Quel est le problème central de la traduction ? N’est-ce pas le choix, l’inépuisable incertitude quant à l’adéquation du choix ? Le lexicographe, qui s’esquive quand il s’agit de s’affirmer comme traducteur, n’en est pas moins un, et plus qu’il ne le pense. Son métier n’est pas caractérisé par cette objectivité ‘indéniable’, que le profane a coutume de lui attribuer. Il est mené lui aussi par des motifs personnels, corporatifs (dictés par sa maison d’édition), ou qui sont le résultat de ses convictions sur la pédagogie des langues étrangères.
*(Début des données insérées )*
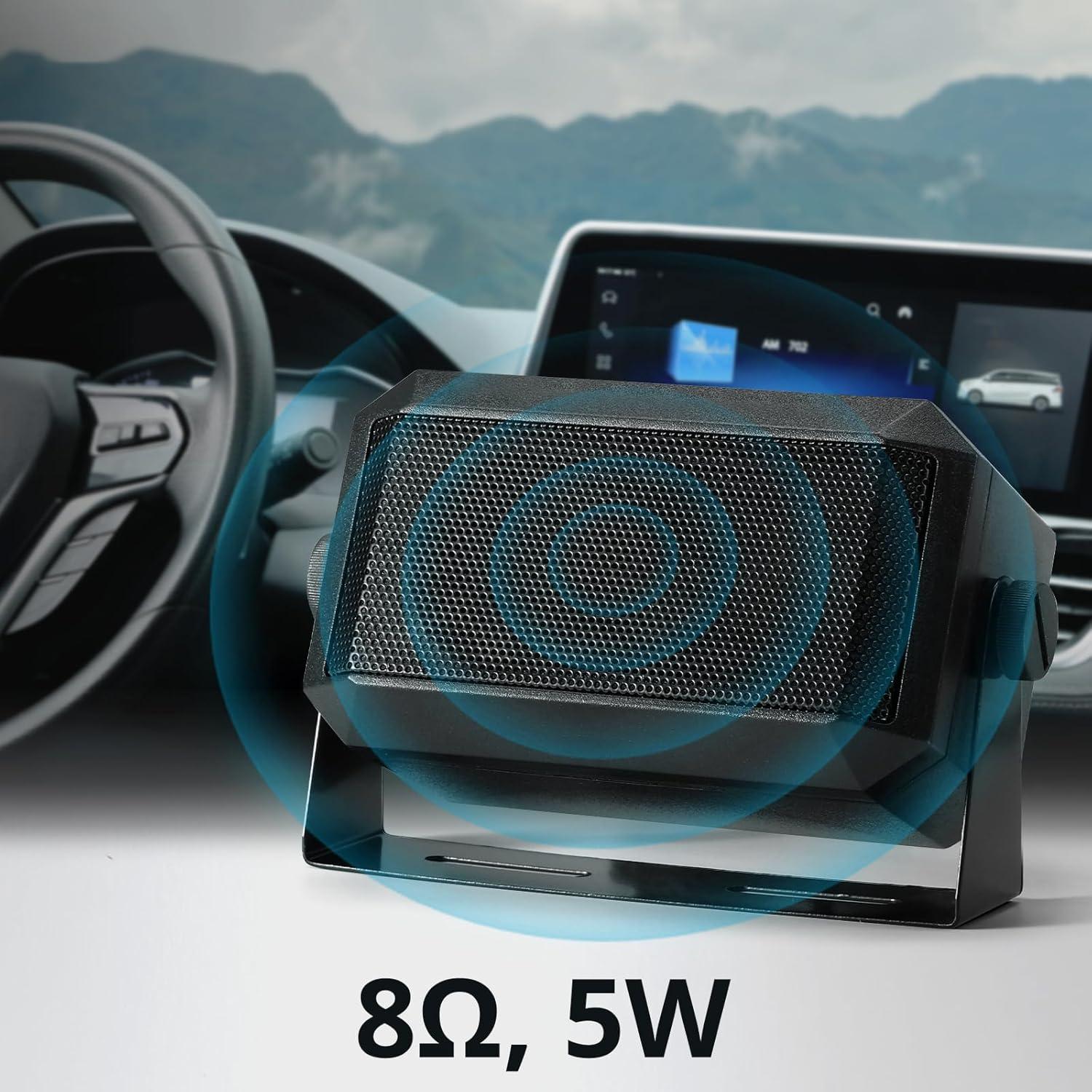 Radioddity QT60 Pro Radio 10 Metros 60W SSB AM FM PA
Qu’y a-t-il de particulier dans ces exemples si ce n’est que ce sont des opinions sur ce qui serait de mise dans une situation que le lexicographe/traducteur s’est efforcé de s’imaginer, de rendre en fiction ? L’imagination est d’une importance non négligeable dans le métier du traducteur littéraire, et le dictionnaire est, à sa façon, une oeuvre littéraire. Elle demande même davantage à l’imagination de son lecteur puisque l’oeuvre est essentiellement en construction. Trois bouteilles pour sept personnes, c’est un peu juste ! oblige le lexicographe/traducteur et son lecteur à prescrire à l’imagination une situation, à dresser un constat sur de piètres fragments qui ne permettent d’engager que, pour l’un, le travail de traduction et, pour l’autre, sa compréhension. Il s’agit là d’une péniche bien étroite pour un canal bien houleux. Le résultat de cette opération risquera d’être toujours sujette à caution, et son succès, douteux.

5. Conclusion

À quelle conclusion en arrive-t-on ? Au moins à la constatation que les traductologues ont grand tort de ne pas s’occuper des dictionnaires. Ceux-ci devraient être soumis à leur scrutation critique et systématique, ne serait-ce que pour de raisons sociologiques. Les dictionnaires représentent un corpus de textes pour le moins singulier, dans leur banalité nécessairement recherchée, dans leur consensus absolument requis. Est-il possible de détecter les routines des traducteurs traditionnels dans les traductions dictionnairiques ? Cela a-t-il une influence sur leur efficacité ? Quelle est la conscience de traducteur des lexicographes ? Pourquoi, apparemment, les traducteurs/lexicographes ne se considèrent-ils pas comme tels ? Les problèmes auxquels ils sont confrontés sont pourtant semblables à ceux des traducteurs littéraires. Les exemples remplissent certaines des conditions exigées pour être considérés texte. Les considérer comme tels ne contribuerait-il pas à leur perfectionnement ? Il y a là tout un filon qui demande à être exploré.